WASHINGTON ― Former Attorney General Eric Holder, who Republicans portrayed as anti-law enforcement for discussing police racial bias and investigating troubled police departments, said GOP attacks on the FBI and the Justice Department show the Trump administration’s claimed support for law enforcement is hollow.

“I would hope that people will remember the way in which this administration has talked about, has treated the men and women in law enforcement during the Trump investigation, so that when they claim they are pro-law enforcement, that will be seen as the lie that it is,” Holder told HuffPost following the Christian Science Monitor Breakfast on Wednesday.

President Donald Trump and Republicans on Capitol Hill have launched sweeping attacks on the FBI and the Justice Department in an attempt to undermine Special Counsel Robert Mueller’s investigation into the Trump campaign. While some Republicans insist they’re only conducting routine oversight, others have compared the FBI with Russia’s KGB, and said investigators are worse than Watergate. Trump has accused an FBI agent of treason, and a Republican House member has called four top law enforcement officials “traitors to our nation” who should face charges.

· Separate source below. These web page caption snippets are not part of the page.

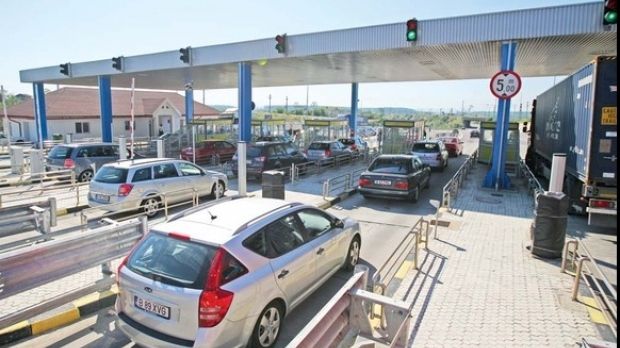 1 mai 2018- minivacanță. Soferii care pleacă la mare trebuie să știe acest lucru despre taxa de pod 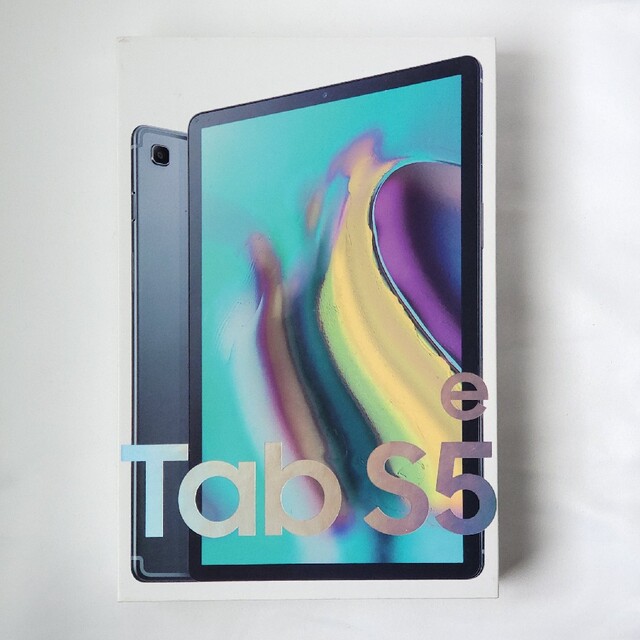 専用 Galaxy Tab S5e 日本版 Android 11適用 スマホ/家電/カメラのPC/タブレット(タブレット)の商品写真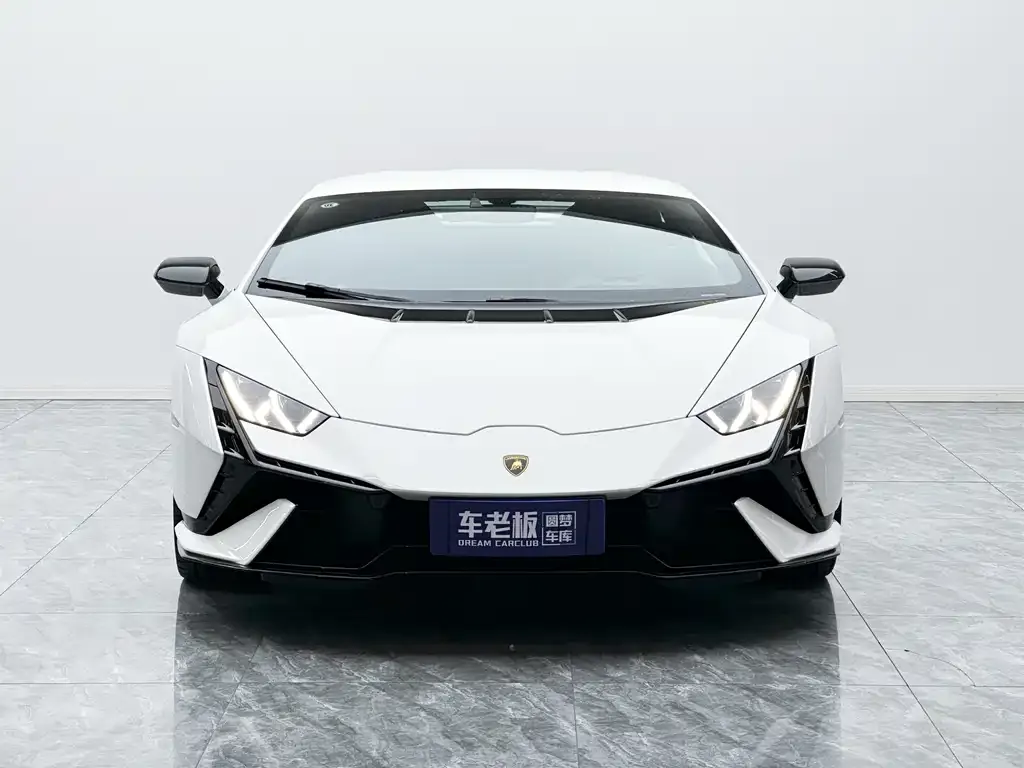 Lamborghini Huracan — фото 7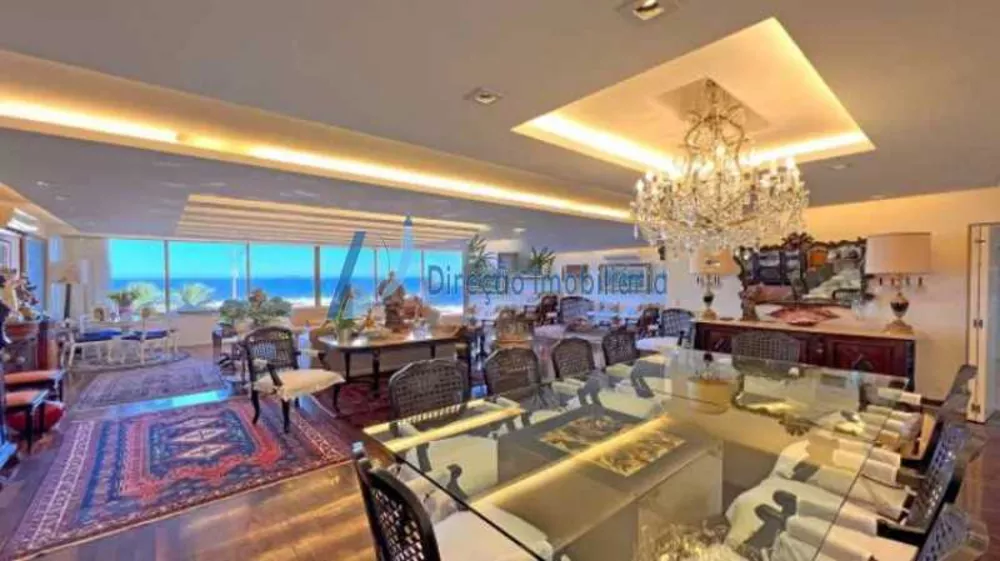 Apartamento, 5 quartos, 465 m² - Foto 10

Holder, who was attorney general under President Barack Obama, said his work at the Justice Department aimed to rebuild trust between law enforcement and the public by acknowledging and fixing longstanding problems. But the current attacks by Republicans in service of a political cause will do lasting damage to law enforcement, he said.

“I’m proud of the work that I did protecting cops, supporting cops, and also making sure that I did a lot to erase the trust gap that exists between people in law enforcement and communities of color,” Holder said. “I got criticized for that, but I was dealing with something I think is real. These guys, this administration, wants to wrap themselves in this notion of being for law enforcement, and their actions and their words show that they’re not.”

Holder cited recent polling suggesting that most Republicans now believe that the Justice Department and the FBI are out to get Trump.

“That is a shocking statistic that, A, is not true and, B, is a direct result of these anti-law enforcement things that the Trump administration has done,” Holder said.

Holder, who oversaw the FBI, said the idea that the bureau is hotbed of liberals would surprise those who work there.

“The notion that the FBI is a bastion of liberalism ― that you have wild-eyed left-wingers there running the FBI or populating the FBI ― is totally inconsistent with, again, these little things, these bothersome things called the facts,” Holder said.

While Trump has alleged that Holder “totally protected” Obama and has publicly wished his own attorney general would do the same thing, Holder said during the Monitor breakfast that Obama respected the traditional barrier between the White House and the Justice Department.

Holder said it “would be a good thing” for Trump “to have a relationship and treat the Justice Department in the same way that President Obama” treated it.

“President Obama and I are friends. But he also understood, as I understood, that there has to be a wall between the Justice Department and the White House,” Holder said. 

Holder said there were things that he and Obama didn’t talk about, and that his “guess” is that there were more than a few decisions that Obama disagreed with. But he said he never heard criticism from the president, either publicly or privately.

Holder said Trump supporters’ attacks on the FBI could have long-term consequences, such as when jurors need to weigh the credibility of an agent’s testimony in a criminal prosecution. The attacks could raise doubts in a jurors’ mind that would have never existed, he said.

“The long-term negative collateral consequences are substantial,” Holder said. “I would hope the president would pull back.”